On this President's Day, observing (among other silly things) Lincoln's 200th birthday, shall we consider what the pro-life movement can learn from Abraham Lincoln?
1. Never let your movement be coopted by someone with a different agenda. The abolitionist movement gave itself over as a vehicle for the agenda of an ambitious man who, when it played well, decried the injustice of Negro slavery, but really was out to centralize power in Washington and replace a federation of sovereign states with a single central ... even imperial ... government, and who made it clear that if he could "save the Union" without freeing a single slave, he would do so.
Everything worked out fine for his cabal of generals and railroad owners and other industrial interests, which within a few years were pushing the Indians out of (or underneath) the western territories. But for the southern Negros, slave and free, the result was resentment and racial tensions which are a political factor to this day, and which contrast to the relative racial harmony which one finds in the dozens of countries Western Hemisphere which simply ended slavery peacefully, without an internecine war.

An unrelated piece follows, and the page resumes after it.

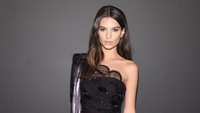 Emily tampil dalam balutan busana hitam menerawang. Jamie McCarthy/Getty Images for Marc Jacobs/detikFoto.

And today, we have seen the Bushie neocons use pro-life voters and pro-life election manpower to launch their own agenda of building a new empire of coerced global democracy. The pro-lifers should wonder if they've been had like the abolitionists, in that the neocon politicians and their war profiteering backers paid their lip-service and got what they want, but abortion on demand is still the law of the land, and the pro-lifers must now operate in the Obama backlash.

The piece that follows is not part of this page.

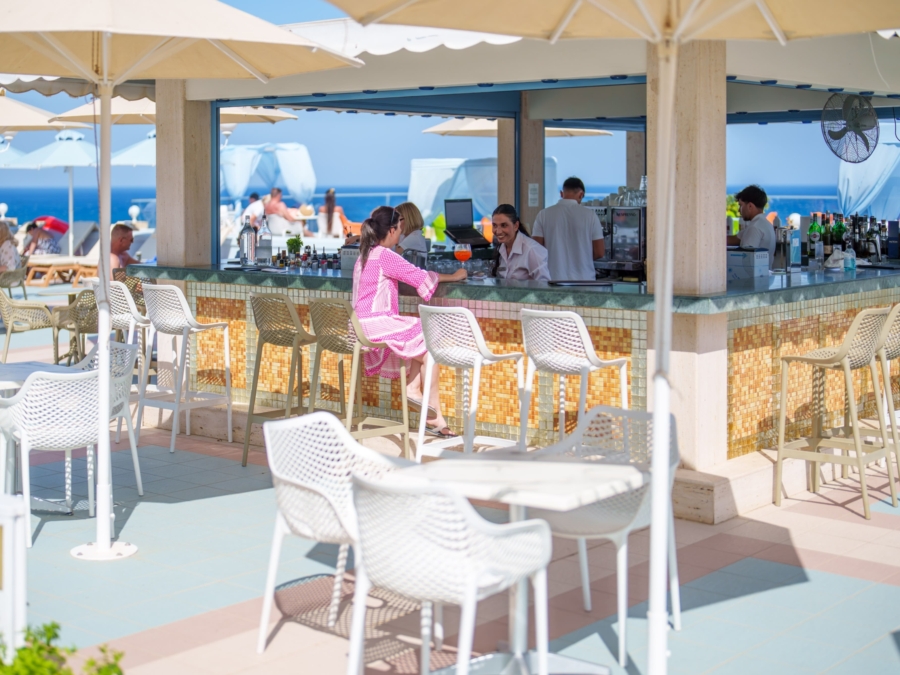 Atrium Prestige_Pool Bar_9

2. Read the Fine Print. It's commonly believed that Lincoln freed the slaves. Nonsense. He simply pulled a propaganda stunt by purporting to free slaves in unconquered Confederate territory. If you'll read the Emancipation Proclamation, you'll see he didn't free a single slave in territory Northern invaders controlled.
Likewise, pro-lifers today should pay attention to what really was written, in Roe and Doe, and their precedents, as well as what has happened since (and didn't happen) in Casey and other cases. Pro-lifers should also be sensitive to the federal Constitution. Justice Scalia is constitutionally correct, even as he's pro-life: this is not a federal issue. The way these cases are most likely to get rolled back is to establish that the subject of abortion, like almost all other regulatory and criminal matters, is properly the business of the states, which have plenary power.
If some post-natal person is chopped to pieces, it's a state crime, not a federal offense. So it should be. And so it should be, if some pre-natal person gets chopped to pieces.
Some dream case which rules a fetus has "personhood" will be no more sound Constitutionally than Roe or Doe (however morally sound). It will be a house built on the sand of inconsistent and incomprehensible due process jurisprudence, certain to be washed away by the next leftist wave. Pro-lifers should understand the constitutional issues, and be prepared to take their battle out of Washington to their own statehouses and state courts, where it properly belongs.
3. Don't turn monsters into martyrs. Before John Wilkes Booth's appearance, the balcony at the Ford Theatre was occupied by a man whose refusal to abide by the 10th Amendment to the Constitution caused over 600,000 deaths, who burned and looted massive swaths of his supposedly-beloved nation, and who destroyed a humane and thoughtful form of government that was founded on the Catholic notion of subsidiary (albeit by Protestants and Deists). With the pull of a trigger, Booth had suddenly created the secular saint we see in that hideous William Chester French sculpture.
And a few years ago, some loner idiots--not the organized movement--were popping off abortionists. Even if there's no sin against justice in using all necessary means, including deadly force, to stop the murder of an innocent, more harm than good is done when one raises such a vile person to to the altars of the pro-death crowd. Even for the organized movement that abhors such tactics, though, there's still a lesson here: Should we gain victories here and there, we must treat the vanquished pro-aborts with care, lest we cause a backlash and undo what we've accomplished.